Isto posto, importa desde já ressalvar que o presente Update não pretende ser um exercício meramente descritivo do novo Aviso, mas sim, um alerta legal para os players que operam no mercado nacional de ativos virtuais.
Com efeito, é pretendido assinalar novas e importantes exigências que são agora impostas pelo Regulador no exercício de atividades com ativos virtuais, as quais têm impacto não apenas nas entidades já autorizadas pelo BdP para o exercício de tais atividades, como também nos pedidos que, para o efeito, sejam apresentados perante aquela Autoridade (cf. artigo 112.º-A, n.º 1 da Lei n.º 83/2017).
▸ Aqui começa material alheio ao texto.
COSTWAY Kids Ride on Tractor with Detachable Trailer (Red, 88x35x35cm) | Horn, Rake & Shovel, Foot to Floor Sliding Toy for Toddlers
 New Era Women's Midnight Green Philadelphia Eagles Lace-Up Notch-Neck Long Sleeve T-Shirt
Não tendo as entidades que exercem atividades com ativos virtuais a natureza de entidades financeiras (cf. artigo 4.º. n.º 1, alínea o) da Lei n.º 83/2017), não estão vinculadas ao cumprimento do disposto no Aviso do Banco de Portugal n.º 1/2022[iii] (“Aviso n.º 1/2022”). No entanto, assumindo-se este como uma peça fundamental na arquitetura nacional preventiva do BCFT, a comparação entre os dois diplomas regulamentares pode revelar-se útil para a interpretação das novas soluções normativas previstas pelo BdP.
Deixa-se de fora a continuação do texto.